I've only listed our most conservative estimates of 9 separate models, which is what Kaid is citing here. Our most aggressive (in terms of FAR and land value) raises property tax revenue to nearly $100 million per year (from $3.5M) by year +15 assuming a 95% buildout by then. This new yearly tax revenue would come on the back of $6 billion in new investment (up from the 750M in the conservative model).

A few points of note, the conservative model is EXTREMELY conservative. We're talking one-story buildings and relatively static land values ($60/sf which is fairly typical in the area). The increased investment is almost entirely from dumpin 60 new acres of land onto the market and repositioning 120 of currently underdeveloped land (vacant/surface parking).

The most aggressive scenario sees property values rising to the level of some parts of uptown Dallas with the highest land values in the city.
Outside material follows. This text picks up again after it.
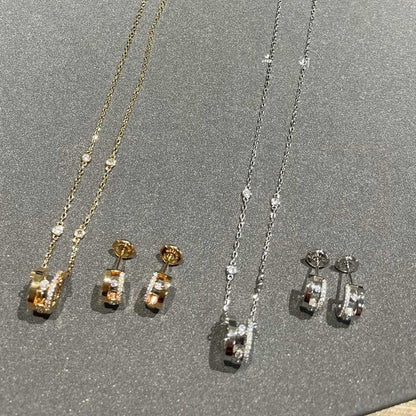 [LORA] CHAIN MOVE ROMANE PEDAND NECKLACE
We think we can achieve this (almost as a base line) because we would be closer to downtown (without a freeway dividing as with uptown/downtown) and with better urbanism than what is around the Crescent area of uptown.

In this case we would be proposing land value spikes in the neighborhood of 300%, which seems like quite a bit. However, our confidence in this number was bolstered by the recent ITDP case study of the Embarcadero which showed a 300% increase in land value along the boulevard. Furthermore, we ran network analysis of the street and block network before and after. And if you follow Bill Hillier and his colleagues' line of work, they show that the degree of network interconnecitivity is in proportion with value. Value = desirability = density. In this scenario, we found spikes in "land value" as expressed by the value of the hub within the hierarchy of the network spiking 345% in some locations.
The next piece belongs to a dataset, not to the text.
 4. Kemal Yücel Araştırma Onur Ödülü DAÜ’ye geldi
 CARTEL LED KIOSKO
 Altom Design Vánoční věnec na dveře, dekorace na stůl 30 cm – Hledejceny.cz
Also, a point of note: many are suggesting/asking if this is a highway to boulevard plan. It is not. While many other cities are doing or planning as such, it didn't make sense to cut/paste that solution here. We explored the option and determined that, while it works on NOLA's Claiborne expressway which tracks with the grid, IH-345 cuts at odd angles making too many fractured, undevelopable parcels. And the overall network isn't improved. Instead, we're relying on existing one-way couplets nearby to handle the local load which doesn't 1) stay on regional highways outside the city like 635 beltway 2) shift to rail 3) disappear as the opposite corollary of capacity induced traffic. These couplets are each 3 and 4 lanes wide and both badly under capacity, carrying between 7 and 10,000 cars per day. The area of these couplets could also use the increased energy as many investors look at traffic counts.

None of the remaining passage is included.